Guantanamo defendant says he may want to be his own lawyer

A Guantanamo Bay prisoner charged in the Sept. 11 attack told a judge Monday he may want to represent himself when the stalled military proceedings against him resume, a statement that prompted the judge to recess a hearing just as it was getting started.

Yemeni prisoner Walid Bin Attash began to explain his reasoning to the judge at the start of the hearing that has been scheduled to last up to two weeks at the U.S. base in Cuba, saying he had no faith in his court-appointed defense team because they have failed to resolve his complaints about the conditions of his confinement. The judge cut him off before he could go into detail.

The judge, Army Col. James Pohl, recessed the hearing for the day so his lawyers could discuss his legal options. Defendants are permitted to represent themselves in military commissions and they would still be entitled to have lawyers standing by to assist them.

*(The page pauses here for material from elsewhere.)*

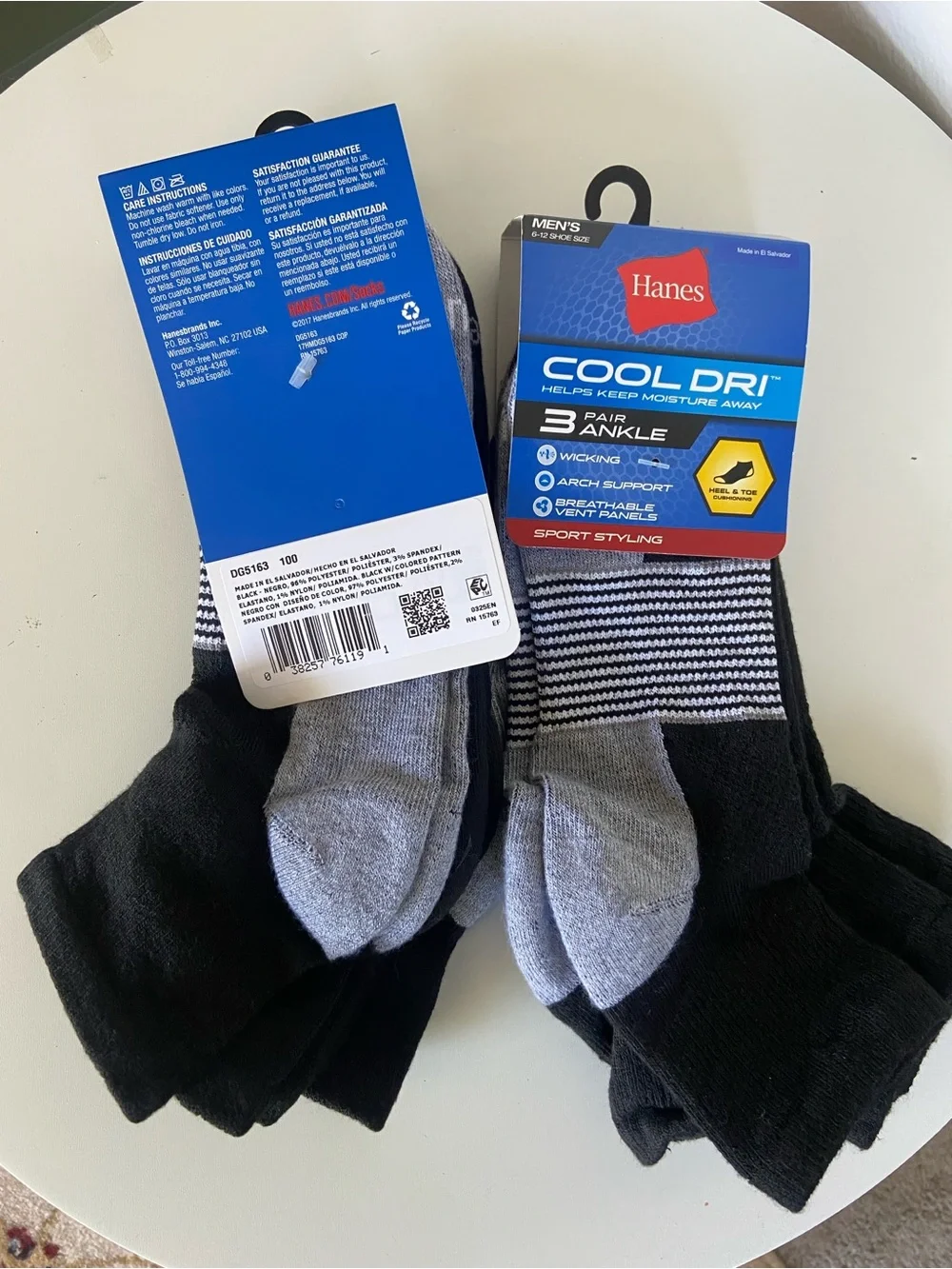 Hanes Cool DRI Men's Ankle Ventilated Socks, 3-Pairs Black Assortment 6-12 2pk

Five Guantanamo prisoners have been charged for their alleged roles planning and aiding the Sept. 11 attack but the proceedings were put on hold in April 2014 when a lawyer for defendant Ramzi Binalshibh revealed that members of his defense team were being investigated by the FBI for a possible security breach.

Pohl had been expected to decide as early as Monday whether the case would be able to proceed now that the Justice Department has concluded that no one will be charged for the alleged breach.

That decision has now been delayed until Tuesday at the earliest.

The five prisoners, including the self-proclaimed architect of the Sept. 11 attack, Khalid Sheikh Mohammed, were arraigned in May 2012 before the military commission on charges that include terrorism and nearly 3,000 counts of murder in violation of the laws of war. They could get the death penalty if convicted.

A trial date has not been scheduled.